Brief descriptive captions:
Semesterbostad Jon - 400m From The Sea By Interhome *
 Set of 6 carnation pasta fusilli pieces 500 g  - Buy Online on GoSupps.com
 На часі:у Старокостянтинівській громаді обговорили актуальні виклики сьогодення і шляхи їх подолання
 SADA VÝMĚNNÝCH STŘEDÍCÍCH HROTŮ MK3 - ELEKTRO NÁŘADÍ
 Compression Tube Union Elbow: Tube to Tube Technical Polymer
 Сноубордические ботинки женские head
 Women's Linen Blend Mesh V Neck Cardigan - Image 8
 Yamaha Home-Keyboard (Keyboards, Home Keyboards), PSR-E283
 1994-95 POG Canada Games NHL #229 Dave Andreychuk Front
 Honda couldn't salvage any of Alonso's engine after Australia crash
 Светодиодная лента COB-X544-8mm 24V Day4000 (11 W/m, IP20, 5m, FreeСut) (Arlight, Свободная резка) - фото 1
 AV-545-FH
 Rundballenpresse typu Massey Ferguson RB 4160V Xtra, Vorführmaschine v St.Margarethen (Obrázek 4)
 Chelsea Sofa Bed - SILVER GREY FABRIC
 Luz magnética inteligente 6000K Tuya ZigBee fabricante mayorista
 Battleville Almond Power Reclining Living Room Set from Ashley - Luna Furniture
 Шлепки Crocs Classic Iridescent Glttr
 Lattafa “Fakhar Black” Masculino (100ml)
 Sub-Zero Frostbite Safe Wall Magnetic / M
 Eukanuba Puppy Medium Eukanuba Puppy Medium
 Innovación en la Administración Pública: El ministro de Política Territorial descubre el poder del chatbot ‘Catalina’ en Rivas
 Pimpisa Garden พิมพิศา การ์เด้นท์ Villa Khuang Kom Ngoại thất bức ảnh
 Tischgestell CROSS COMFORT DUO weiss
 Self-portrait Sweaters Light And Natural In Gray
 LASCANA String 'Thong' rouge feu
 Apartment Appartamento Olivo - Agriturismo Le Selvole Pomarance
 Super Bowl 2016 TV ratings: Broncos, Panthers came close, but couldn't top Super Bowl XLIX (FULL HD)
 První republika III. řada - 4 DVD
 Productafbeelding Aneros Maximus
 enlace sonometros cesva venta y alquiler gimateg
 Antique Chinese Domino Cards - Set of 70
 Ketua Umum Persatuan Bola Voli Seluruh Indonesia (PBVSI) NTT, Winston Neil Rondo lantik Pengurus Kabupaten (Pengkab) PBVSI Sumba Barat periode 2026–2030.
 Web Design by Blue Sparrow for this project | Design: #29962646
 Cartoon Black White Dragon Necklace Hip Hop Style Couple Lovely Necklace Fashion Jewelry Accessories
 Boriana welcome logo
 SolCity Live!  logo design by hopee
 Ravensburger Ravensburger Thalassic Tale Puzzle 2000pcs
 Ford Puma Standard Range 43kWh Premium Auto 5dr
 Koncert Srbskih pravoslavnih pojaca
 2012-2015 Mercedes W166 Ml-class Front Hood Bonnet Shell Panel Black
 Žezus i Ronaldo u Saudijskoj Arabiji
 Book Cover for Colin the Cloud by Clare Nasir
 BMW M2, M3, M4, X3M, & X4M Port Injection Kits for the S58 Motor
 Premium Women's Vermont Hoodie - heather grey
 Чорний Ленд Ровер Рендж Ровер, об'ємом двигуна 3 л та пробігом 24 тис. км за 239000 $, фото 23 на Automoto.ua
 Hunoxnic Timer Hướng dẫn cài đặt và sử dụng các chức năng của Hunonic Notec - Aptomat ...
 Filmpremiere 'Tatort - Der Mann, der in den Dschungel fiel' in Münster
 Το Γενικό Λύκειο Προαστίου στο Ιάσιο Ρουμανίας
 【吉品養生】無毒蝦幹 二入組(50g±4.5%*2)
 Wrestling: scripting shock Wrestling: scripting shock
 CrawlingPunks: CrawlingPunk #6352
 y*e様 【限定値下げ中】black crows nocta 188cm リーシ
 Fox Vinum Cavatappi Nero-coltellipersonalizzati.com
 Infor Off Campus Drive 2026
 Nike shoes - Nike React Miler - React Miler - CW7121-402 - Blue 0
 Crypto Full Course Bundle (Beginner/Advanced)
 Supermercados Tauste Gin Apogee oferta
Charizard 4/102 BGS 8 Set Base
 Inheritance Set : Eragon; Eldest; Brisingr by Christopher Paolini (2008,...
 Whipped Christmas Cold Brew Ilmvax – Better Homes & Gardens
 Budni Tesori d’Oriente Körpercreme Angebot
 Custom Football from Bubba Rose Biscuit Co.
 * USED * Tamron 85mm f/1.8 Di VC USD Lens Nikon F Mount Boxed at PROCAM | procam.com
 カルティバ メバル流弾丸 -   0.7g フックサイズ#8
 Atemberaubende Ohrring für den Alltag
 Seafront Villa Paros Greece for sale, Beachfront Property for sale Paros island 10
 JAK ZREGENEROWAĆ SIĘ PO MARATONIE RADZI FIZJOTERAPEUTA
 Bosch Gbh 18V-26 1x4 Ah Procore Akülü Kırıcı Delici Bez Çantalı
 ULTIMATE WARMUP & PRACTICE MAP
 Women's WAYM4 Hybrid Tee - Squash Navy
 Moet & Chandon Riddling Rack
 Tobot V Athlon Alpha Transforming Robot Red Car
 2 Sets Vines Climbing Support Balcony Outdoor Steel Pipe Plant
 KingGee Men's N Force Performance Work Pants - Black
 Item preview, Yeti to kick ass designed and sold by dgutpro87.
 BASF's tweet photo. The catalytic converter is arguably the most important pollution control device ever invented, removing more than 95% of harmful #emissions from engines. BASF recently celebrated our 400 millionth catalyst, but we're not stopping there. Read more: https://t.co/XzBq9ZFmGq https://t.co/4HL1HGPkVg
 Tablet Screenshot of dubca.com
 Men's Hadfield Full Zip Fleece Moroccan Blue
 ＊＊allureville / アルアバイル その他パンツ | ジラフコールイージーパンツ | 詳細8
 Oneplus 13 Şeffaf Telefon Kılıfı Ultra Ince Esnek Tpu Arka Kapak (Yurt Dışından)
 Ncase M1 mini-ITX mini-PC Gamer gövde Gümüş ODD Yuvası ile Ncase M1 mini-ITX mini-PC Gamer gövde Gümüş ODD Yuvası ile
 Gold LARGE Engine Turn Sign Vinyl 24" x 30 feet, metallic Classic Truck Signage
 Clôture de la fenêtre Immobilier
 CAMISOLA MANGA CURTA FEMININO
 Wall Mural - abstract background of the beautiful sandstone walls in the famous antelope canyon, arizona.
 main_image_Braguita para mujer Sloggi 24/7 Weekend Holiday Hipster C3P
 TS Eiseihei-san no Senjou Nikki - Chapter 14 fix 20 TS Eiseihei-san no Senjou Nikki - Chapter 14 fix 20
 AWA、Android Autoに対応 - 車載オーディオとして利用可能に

**Exercise aim:** Would you quote, exactly and only, the lines from the one containing "main_image_Braguita para mujer" to the end of the entries?

**Exercise output:**
 main_image_Braguita para mujer Sloggi 24/7 Weekend Holiday Hipster C3P
 TS Eiseihei-san no Senjou Nikki - Chapter 14 fix 20 TS Eiseihei-san no Senjou Nikki - Chapter 14 fix 20
 AWA、Android Autoに対応 - 車載オーディオとして利用可能に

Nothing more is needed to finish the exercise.